М. ВДОВИН. У нас на квартире немцы не стояли, хотя у всех окрест они были. Спас случай. Остановилась возле дома колонна немецкая. Зашел квартирьер посмотреть обстановку. А на столе лежала пачка светокопий чертежей — отец был инженером. Это были старые чертежи, использовались на завертку. Немец их увидел: «Вас ист дас?» Что, мол, это такое. А мать говорит переводчику: «Мой муж инженер, это его материалы». — «Пан инженер! — почти с благоговейным почтением вымолвил немец, — никс квартир» и вышли. Что-то написали мелом на воротах. И с тех пор они больше не приходили. Но некоторым семьям, у кого стояли немцы, они помогали и делились пайком. Но приходилось делиться и женщинами.
К. ФЕДОРОВА: Мы жили в селе Самарском, но в Ростов приходили менять продукты. Привозили отруби, семечки. Покупали в основном мыло. Однажды приехали со старшей сестрой и попали на старом базаре в облаву. Документы у нас были такие бумажка с фотографией.

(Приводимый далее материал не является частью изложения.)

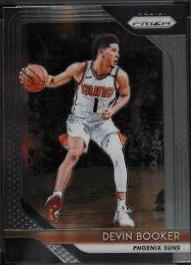 Devin Booker
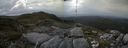 ./images/calvert/buxton1/20190820/buxton120190820_155502.jpg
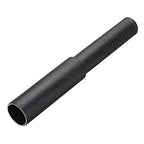 Fastrohy 5Pcs Universal Golf Club Stick Shaft Extender/Extension Rod For Wood Putter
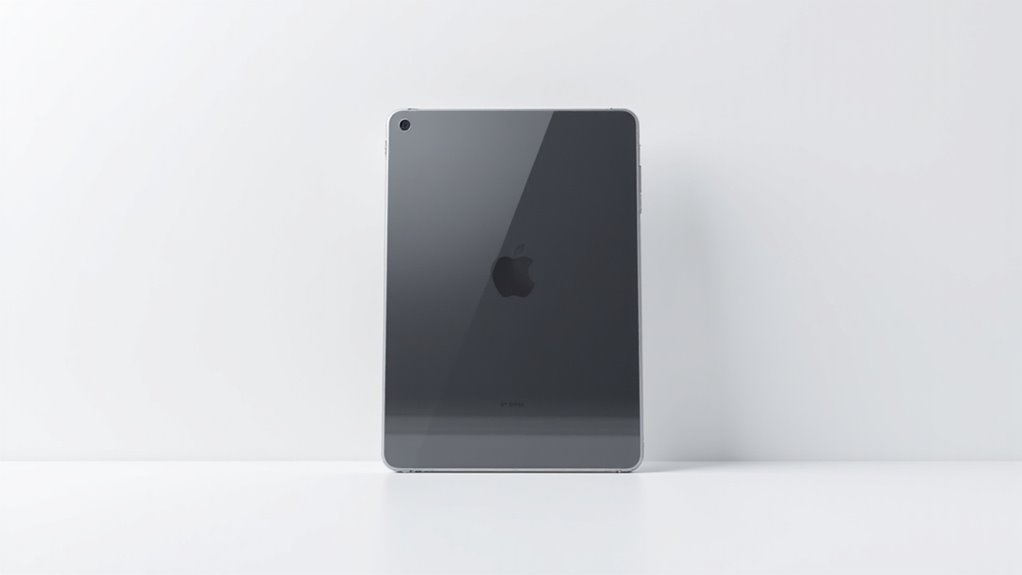 potężny przenośny tablet do produktywności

Надписи так повытерлись, что еле-еле можно было прочитать фамилию. И вот облава… У кого документов нет, забирали в Германию. Нас с сестрой толпа разбросала в разные стороны, а документы ее были у меня. Сестру мою и взяли. Повели в подвал. Она плакала, кричала: «У меня дети маленькие, а документы у сестры». Один из охранников услышал это и толкнул ее в другую дверь: иди и выйдешь как раз на улицу. Она вышла, и мы с ней встретились на углу.
В. ВИННИКОВА Немцы были, конечно, разные. Одни наглые, другие старались не обижать наших. Показывали фотографии своих семей. Некоторые ругали Сталина и Гитлера. Ругали — войну, у нас дети, не хотим воевать. Были случаи и комические. Немец, который жил у соседки, пришел с гулянки поздно, лезет в окно. Она его кроет, как попало. Он: «Лена, Лена, извини».Немцев я старалась избегать. Один раз к нам заехал во двор мотоциклист. Бабы сидели на скамеечке. Он у них стал что-то спрашивать. Они рукой показывают на мою квартиру. Слышу — стучит. Заходит, говорит: «Папа, папа». И показывает свою ширинку. Я испугалась. Думаю, сейчас приставать начнет: «Папы, — говорю, — нет мол». Он — свое. Оказалось, он просит штаны мужа, его порвались. Дала я ему брюки. А он просит свои зашить. Увидел, что у меня куча детей. Сел на мотоцикл, уехал. Вскоре приезжает. Штаны его готовы. Я быстро зашила, у меня машинка была, потому-то бабы ему на меня и показали. Достает кулек с конфетами и большую буханку хлеба. «Киндер, киндер», — кивает на детей. А потом показывает чуть выше колен и еще выше: «Киндер, киндер» — и машет рукой в сторону, как бы говоря — у него тоже дети есть
А. ПАНТЕЛЕЕВ. Вышел я как-то вечером на санках покататься. А санки у меня отличные были, дедовские. Вся улица мне завидовала. Рядом с нашим домом был штаб. Подходит офицер и давай на мои санки чемоданы грузить. Потом показывает: «Вези!» Впрягся я. А в гору тяжело тянуть. Правда, немец мне иногда помогал, снизу подталкивал. Привез я его чемоданы на вокзал. Он мне дает блок сигарет и блок шоколада. Я обнаглел: «Пан, мало». Немец мне пинка под одно место. Я за санки — и домой. Прихожу, а мать мне еще добавила. За меня испугалась, где я так поздно шатаюсь. А потом кинулась обнимать — живой!